Musquin has won a battle, but can he win the war?

After standing on the podium in eight of the first 10 races, Musquin finally showed the field he was capable of winning in Indy when he grabbed the holeshot and led every lap on the way to Victory Lane. He was never seriously challenged and it was the Musquin that Supercross fans expected to see all season.

It was a long time coming. Musquin must have felt like victory was just around the corner after finishing second in the overall standings in Anaheim II’s Triple Crown race. He was third in the first Main that night and second in the last two Mains.

As it turned out, that single race defined his season until last week. Musquin stood on the podium all night, but he finished two spots behind Cooper Webb in the first Main and was one spot back in the second. It was only as time ran out that he was able to beat Webb by a single spot in the third Main. If Musquin had won either of the first two Mains, he would have had the overall victory – denying Webb his first career win in the process.

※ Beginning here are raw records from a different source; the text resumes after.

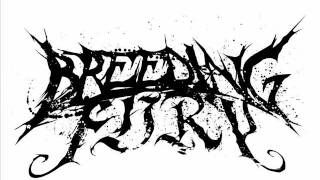 Breeding Fury - To Disgrace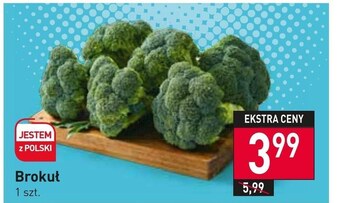 Stokrotka Market Brokuł oferta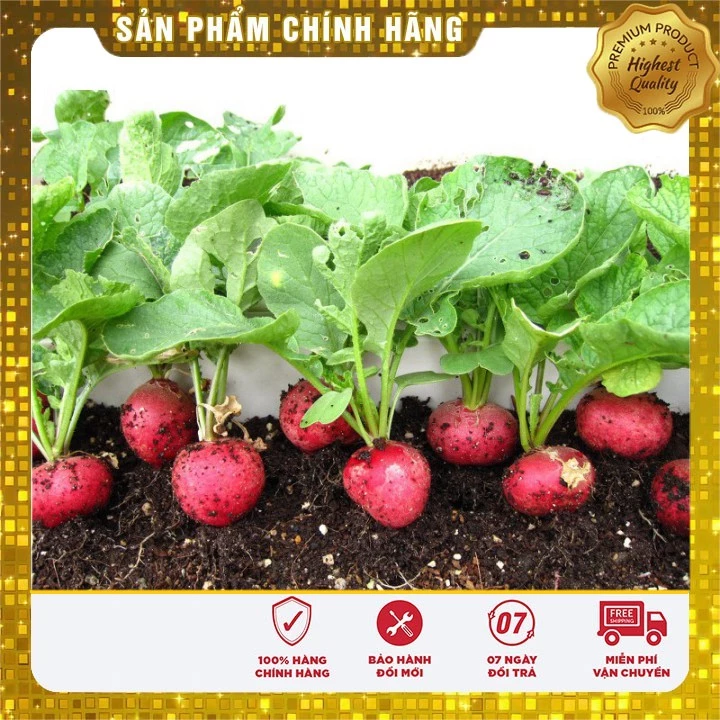 Hạt Giống Củ Cải Tròn Đỏ ( gói 5 gram)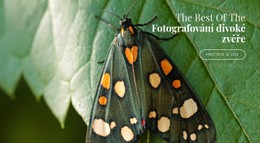 Afrických Motýlů Krásné Barevné Kolekce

Webb’s Anaheim win revitalized the rider and gave him the confidence to rattle off four more wins in the next seven races.

Meanwhile, Musquin scored podium finishes in the next seven races, making him almost perfect. In another season, a record like that would have been enough to give him a comfortable points lead. In 2019, he sit 14 markers out of first, which is the points’ equivalent of the difference between first and 11th in one race. In other words, Webb cannot lose the points lead at Seattle unless he finishes outside the top 10 while his teammate wins.

Looking at the numbers another way the scenario is not quite as hopeless. Musquin needs to shave only 2.3 points off Webb’s lead each week to win the championship. Three points separate first and second. Five points differentiates first from third, which is where Webb finished in Indianapolis. Webb is vulnerable as his 10th-place finish at Glendale and an eighth at San Diego attest.

Those bobbles came early and Webb seems to have forgotten how to make a mistake.

A third-place is Webb’s worst finish in the last six weeks and since Anaheim II when Musquin started his impressive string of podium finishes, Webb has recorded an average finish of 2.2. That came with a worst finish of eighth on an extremely muddy and heavy track in San Diego. Musquin has a worst finish of only sixth, but his average of 2.8 still lags behind Webb.

Worse still, since Anaheim II Musquin has finished behind Webb in every race except for the outlier of San Diego.

It is no longer a question of keeping pressure on Webb. Musquin cannot expect his teammate to make a mistake; he has to find a way to pass him on the track. If Webb adds only two points to his lead at Seattle, Musquin’s fate would no longer be in his hands. He would need to gain 3.2 points per race. With that scenario, Webb could finish one spot behind Musquin every week and still win the championship.